Dr. No filmed in Jamaica. Letters from producer Harry Saltzman to Film Finances founder Robert Garrett paint a vivid picture of his daily agonies, between the feckless behaviour of local crews, the lavish expenses of his director Terence Young and the unpredictable weather.
“Basically, the biggest problem is the ‘mañana’ attitude of the local people, and they fact that they do not keep their promises,” Saltzman laments. “To put it mildly, we have been gulled and taken in due to the complacency and complete and utter inefficiency of the locals.”
But Saltzman ends on an upbeat and prescient note. “In spite of all the ulcer-making frustrating situations and invasion of a good part of our contingency fund, the stuff we have shot here is tremendously impressive and I think well worth our troubles… The picture has size, movement, excitement and no message.”
In the 1950s and 60s, Film Finances employed a gimlet-eyed producer named John Croydon to assess projects. Croydon’s acerbic analysis went far beyond the technical. In his essay on Zulu, he sums up the script with thinly veiled contempt: “It has the stock cowards and heroes; a leavening of disreputable christianity (sic); a feminine revulsion to war from an inarticulate virgin; massed movements by an overwhelming enemy and Technirama (sic) to give the exposition of blood and violence on the big screen,” Croydon writes. “I suppose, that from a box office point of view, it is what is known in Wardour St. as ‘infallible.’ (So long as nobody wants me to see it once it is finished!)”
Croydon recommends that the production should establish “a small hospital” on set to deal with the battle scenes. “As I know from experience, even rubber-tipped spears can cause quite some very nasty injuries, and blank ammunition can cause quite a lot of damage, even when the exercise is under strict supervision… Am I being too prophetic when I remember our dreadful experience on a film called ‘O.H.M.S.’ when one soldier, in the heat of the moment, mistook one of his companions, simulating death, for a dummy and stuck his bayonet right through his body?”
Michael Powell was a regular correspondent with Film Finances throughout the 1950s and 1960s, his tone, alternately pleading and combative, gives a unique flavour of the travails of being a British independent filmmaker.

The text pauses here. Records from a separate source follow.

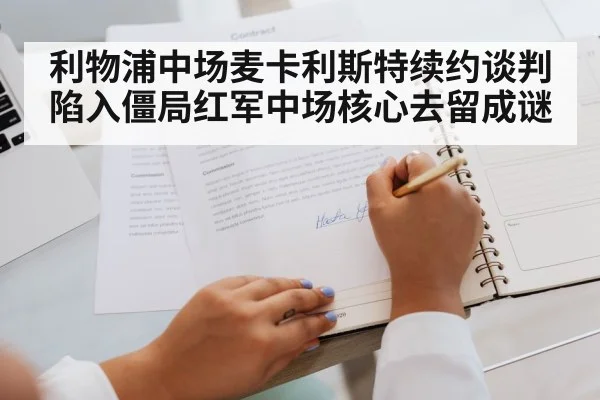 利物浦中场麦卡利斯特续约谈判陷入僵局红军中场核心去留成谜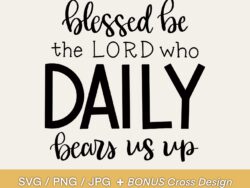 Blessed be the Lord who daily bears us up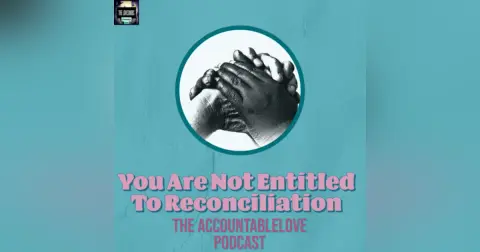 We Are Not Entitled To Reconciliation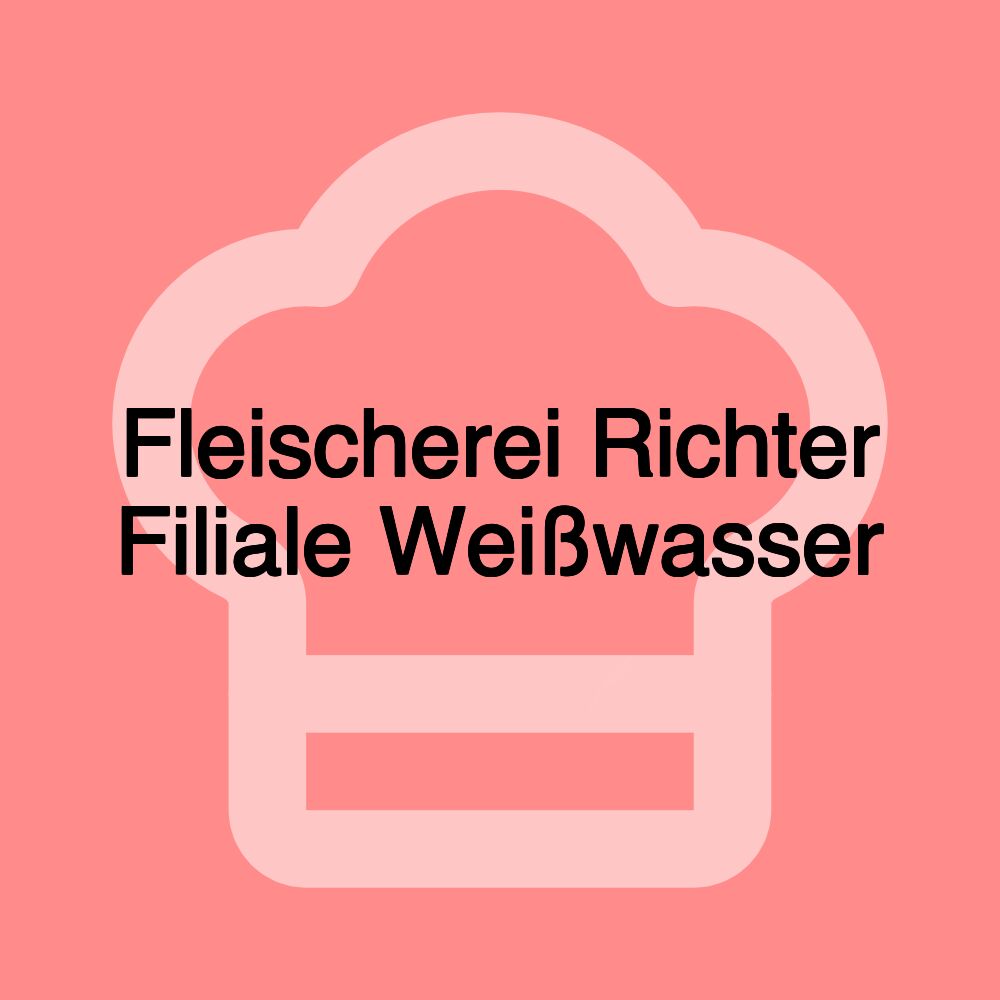 Fleischerei Richter Filiale Weißwasser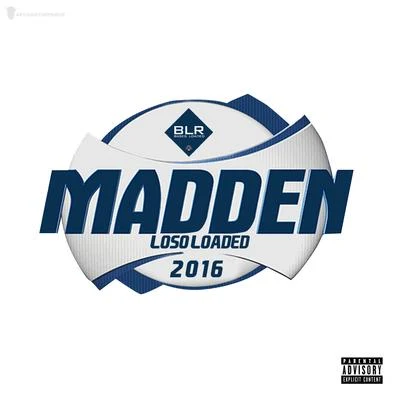 Madden - Single 專輯 Fbg Casino/Rennix/Chuckee/Nykobandz/Loso Loaded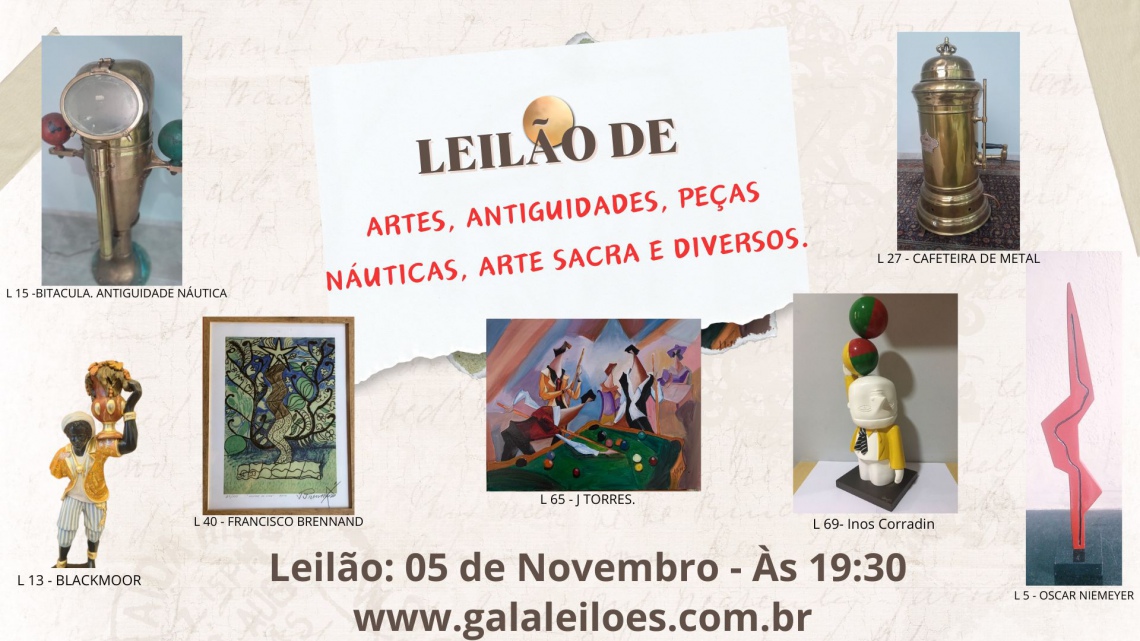 LEILÃO DE ARTES,  ANTIGUIDADES, PEÇAS NÁUTICAS, ARTE SACRA E DIVERSOS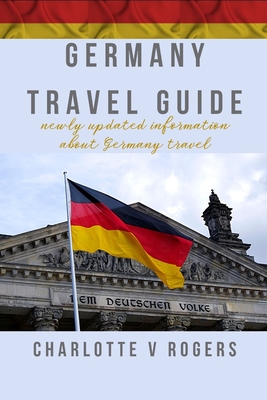 Germany Travel Guide: A newly updated version of Germany Travel information - Charlotte V. Rogers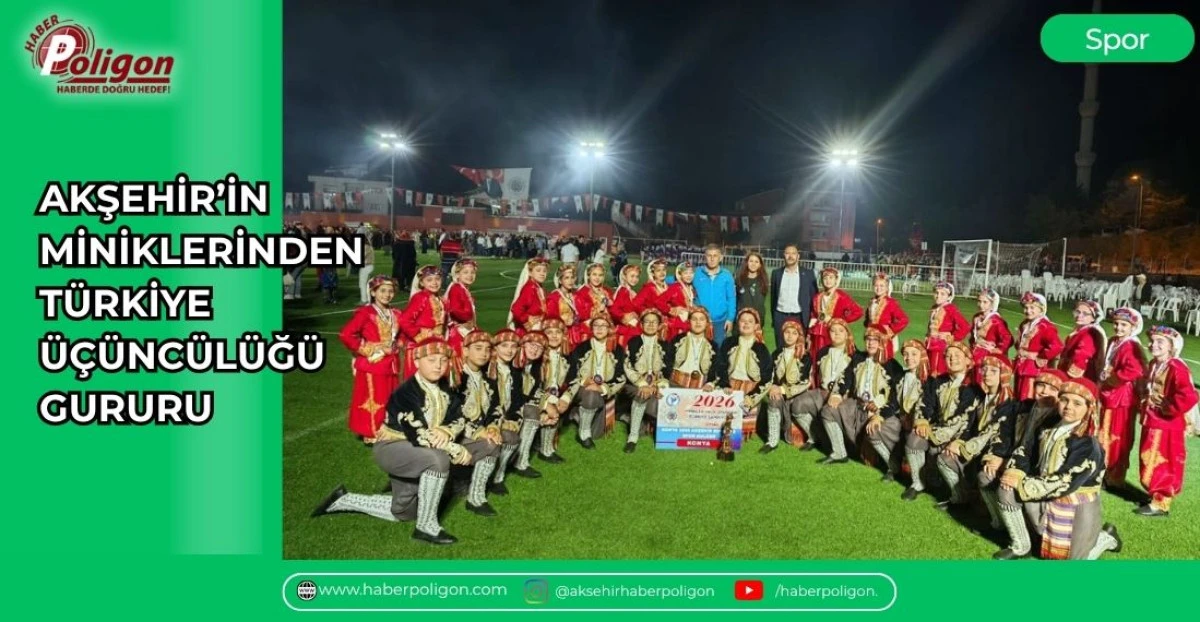 AKŞEHİR&rsquo;İN MİNİKLERİNDEN T&Uuml;RKİYE &Uuml;&Ccedil;&Uuml;NC&Uuml;L&Uuml;Ğ&Uuml; GURURU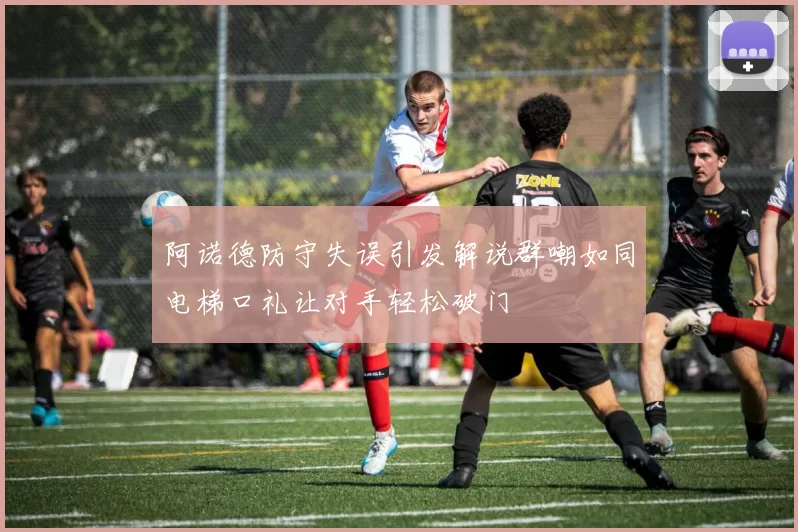 阿诺德防守失误引发解说群嘲如同电梯口礼让对手轻松破门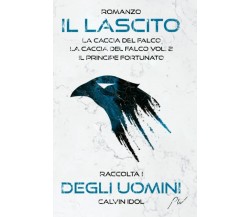 Il Lascito degli Uomini Il Lascito Saga Vol. 1-2-Spinoff di Stefano Caruso,  202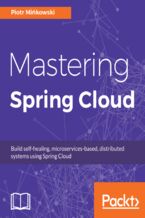Okładka - Mastering Spring Cloud. Build self-healing, microservices-based, distributed systems using Spring Cloud - Piotr Mińkowski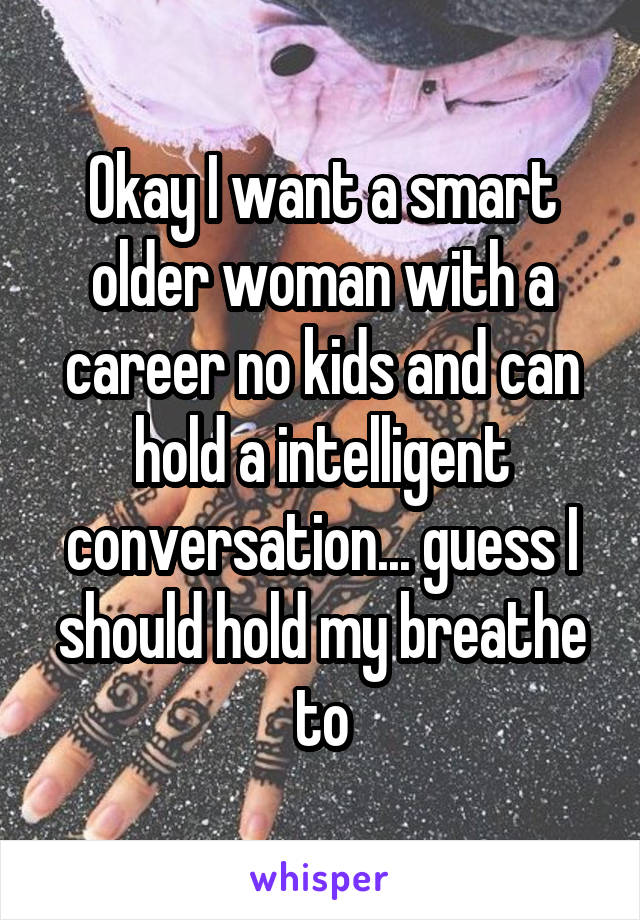 Okay I want a smart older woman with a career no kids and can hold a intelligent conversation... guess I should hold my breathe to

Amid detailed debates about his production plans, his authorial élan sometimes pokes through, such as when he describes the precise inflection of the title Oh… Rosalinda!!
“It is, as you see above, ‘Oh – Rosalinda!!’ Not ‘Oh, Rosalinda’, which is as if one said, ‘Oh, Rosalinda, whip down the street and get a pound of Stock, will you?’ Our ‘Oh –’ is meant to convey shock: the gentleman has, as it were, instinctively covered his eyes, while still, of course, peeking through his fingers. Then, his breath returning, he ejaculates “– Rosalinda!!” giving every syllable full value, lingering on the two last and topping the whole delightfully shocking experience off with (please!) two exclamation marks.”
It was easy for filmmakers to see Film Finances as the enemy, demanding a level of scrutiny, accountability and discipline, not just financially but also creatively, that they found uncomfortable. But it’s clear from Powell’s letters that he also understood just how essential an ally Film Finances was to have any hope of getting his films made.
As Drazin explains, “It brought vital financial stability to the industry, yet at the same time was much more than just a guarantor. With its unique overview of an extraordinarily wide variety of production, it offered an unrivalled source of filmmaking expertise and advice. Over the years it accumulated the experience and breadth of practical knowledge that no single production company could possibly rival.”
As a result, he adds, “No other archive comes close to matching its completeness or depth of coverage. Once public access to the material can be arranged, it will be unquestionably the most significant treasure trove of archival material for British film historians.”